Tested on CPU (Intel Xeon, single-threaded):

| Format | Latency (ms/inference) | Size | Entity Agreement vs PyTorch |
|--------|----------------------|------|---------------------------|
| PyTorch FP32 | 379 ms | 2.3 GB | Baseline |
| ONNX INT8 | 343 ms (1.10× faster) | 582 MB (4× smaller) | ~80% |

> Note: Speedup is more significant on optimized hardware (AVX-512, ARM NEON).
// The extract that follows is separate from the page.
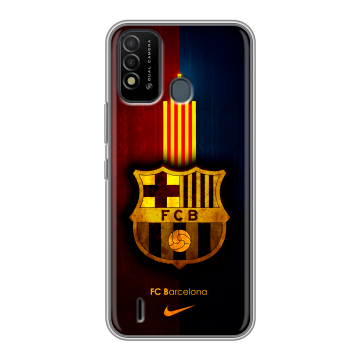Силиконовый противоударный чехол на Itel Vision 2s с принтом Барселона Barcelona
The entity agreement metric measures overlap of detected entities at threshold=0.3 across test examples — minor differences in borderline entities are expected and do not indicate quality degradation for high-confidence predictions.

## Training Details

| Parameter | Value |
|-----------|-------|
| Base model | knowledgator/gliner-x-large (1.3B params) |
| Training samples | 86 |
| Entity types | 30 |
| Learning rate (encoder) | 5e-6 |
| Learning rate (others) | 1e-5 |
| Loss | Focal loss (α=0.75, γ=2) |
| Epochs | 12 |
| Effective batch size | 8 |

## Training Recipe

Based on published research:
- [GLiNER-BioMed](https://arxiv.org/abs/2504.00676) — domain adaptation blueprint
- [NERCat](https://arxiv.org/abs/2503.14173) — small dataset fine-tuning recipe
- [GLiNER](https://arxiv.org/abs/2311.08526) — original model architecture

## ONNX Export Details

The ONNX models were exported using GLiNER's built-in `export_to_onnx()` method with opset version 17. Quantization uses ONNX Runtime's `quantize_dynamic`:
- **INT8**: Signed 8-bit integer weights via `QuantType.QInt8`
- **UINT8**: Unsigned 8-bit integer weights via `QuantType.QUInt8`

Both use dynamic quantization — no calibration dataset needed, scales computed at runtime per batch.

## Training Data & Script

See [Rishi2455/gliner-floatbot-ai-training](https://huggingface.co/datasets/Rishi2455/gliner-floatbot-ai-training) for the complete training dataset and fine-tuning script.

## How to Run Training

```bash
pip install gliner torch transformers accelerate trackio huggingface_hub
huggingface-cli login

# Download and run the training script
wget https://huggingface.co/datasets/Rishi2455/gliner-floatbot-ai-training/resolve/main/train_gliner.py
python train_gliner.py
```

**Hardware required**: GPU with ≥24GB VRAM (A10G, RTX 3090, A100, etc.)